Jelang Idul Fitri 1447 H, PLN UID Jakarta Raya Perkuat Siaga Kelistrikan dan Layanan SPKLU

Jelang Idul Fitri 1447 H, PLN UID Jakarta Raya Perkuat Siaga Kelistrikan dan Layanan SPKLU
General Manager PLN UID Jakarta Raya, Moch. Andy Adchaminoerdin, turun langsung mengecek kondisi peralatan dan perlengkapan kelistrikan. Langkah ini menjadi bentuk komitmen PLN dalam menghadirkan pasokan listrik yang andal dan aman bagi seluruh pelanggan. Foto: PLN UID Jakarta Raya.

TVMU.TV - PT PLN (Persero) Unit Induk Distribusi (UID) Jakarta Raya menyiagakan 2.148 personel untuk menjaga keandalan pasokan listrik selama Ramadan dan Idulfitri 1447 Hijriah. Kesiapsiagaan tersebut ditandai dengan Apel Siaga Idulfitri yang digelar guna memastikan pasokan listrik tetap stabil sehingga masyarakat dapat menjalankan ibadah dan aktivitas dengan nyaman.

PLN menetapkan masa siaga kelistrikan Ramadan dan Idulfitri pada 14–28 Maret 2026. Selama periode tersebut, personel disebar untuk memantau sejumlah titik strategis di wilayah Jakarta Raya, mulai dari pusat perbelanjaan, kawasan pemerintahan dan pertahanan, hingga simpul transportasi seperti bandara, pelabuhan, stasiun kereta api, dan terminal bus.

Pengamanan khusus juga dilakukan di dua lokasi strategis nasional, yakni Masjid Istiqlal dan Istana Merdeka, serta 519 masjid yang menjadi pusat kegiatan ibadah selama Ramadan.

Dari sisi pasokan listrik, PLN memastikan kondisi sistem kelistrikan Jakarta dalam keadaan aman. Daya mampu pasok tercatat sebesar 10.997 megawatt (MW) dengan beban puncak 5.545 MW, sehingga tersedia cadangan daya sekitar 49,6 persen.
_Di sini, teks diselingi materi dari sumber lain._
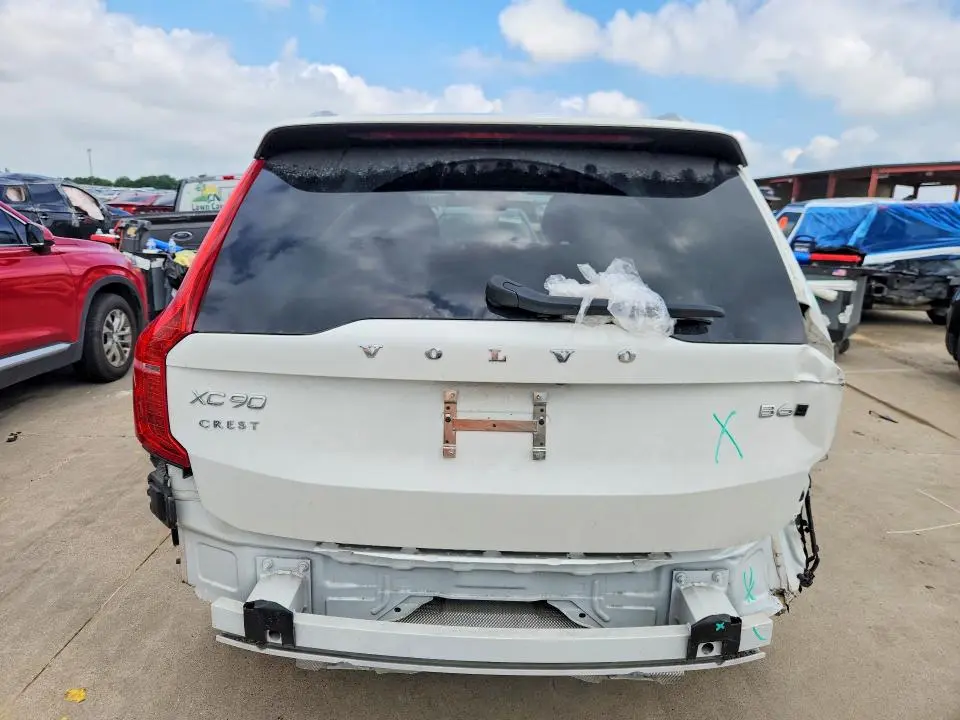 2023 VOLVO XC90 PLUS  
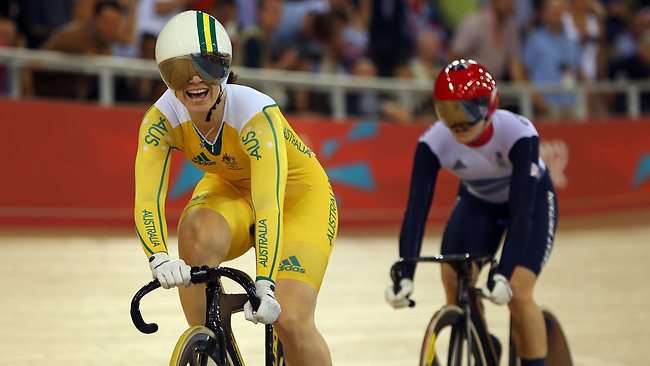 安娜·米尔斯 安娜·米尔斯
Untuk mendukung keandalan sistem, PLN menyiapkan berbagai peralatan pendukung, antara lain 3 unit genset, 61 unit Unit Gardu Bergerak (UGB), serta 58 unit Uninterruptible Power Supply (UPS). Selain itu, PLN juga membuka 17 posko siaga Idulfitri di unit layanan dan 6 posko mudik guna membantu kebutuhan masyarakat selama periode libur Lebaran.

General Manager PLN UID Jakarta Raya, Moch. Andy Adchaminoerdin menegaskan bahwa seluruh sumber daya perusahaan dikerahkan untuk menjaga pasokan listrik tetap andal selama Ramadan hingga Idulfitri.

“Kami menggerakkan seluruh petugas dan memperkuat pemantauan jaringan. Setiap unit memastikan listrik tetap andal di seluruh wilayah Jakarta Raya sepanjang Ramadan hingga Idulfitri,” ujar Moch. Andy Adchaminoerdin.

Selain menjaga keandalan pasokan listrik, PLN juga memastikan kesiapan layanan Stasiun Pengisian Kendaraan Listrik Umum (SPKLU) bagi pengguna kendaraan listrik. Di wilayah Jabodetabek, tersedia 673 unit charger SPKLU dengan berbagai kapasitas.

Rinciannya terdiri dari 478 unit medium charging berkapasitas 22 kW, 70 unit fast charging berkapasitas 25–60 kW, serta 125 unit ultra fast charging dengan kapasitas di atas 60 kW.

Andy menegaskan, dukungan terhadap ekosistem kendaraan listrik menjadi bagian penting dari kesiapan PLN tahun ini.

“SPKLU kami pastikan dalam kondisi siap digunakan. Melalui PLN Mobile, pelanggan dapat menemukan lokasi SPKLU terdekat sehingga pengisian daya bisa dilakukan dengan mudah dan aman,” tutur Andy Adcha.

Pengamanan sistem kelistrikan juga dikendalikan melalui command center yang terintegrasi dengan sistem digital PLN untuk memastikan respons cepat jika terjadi gangguan. Selain itu, armada pelayanan teknis dan mobile substation disiagakan untuk mendukung penanganan kondisi darurat.

PLN juga tetap membuka layanan pelanggan selama 24 jam melalui aplikasi PLN Mobile dan call center 123, yang dapat digunakan masyarakat untuk melaporkan gangguan listrik, membeli token, mengecek tagihan, hingga mencari lokasi SPKLU terdekat.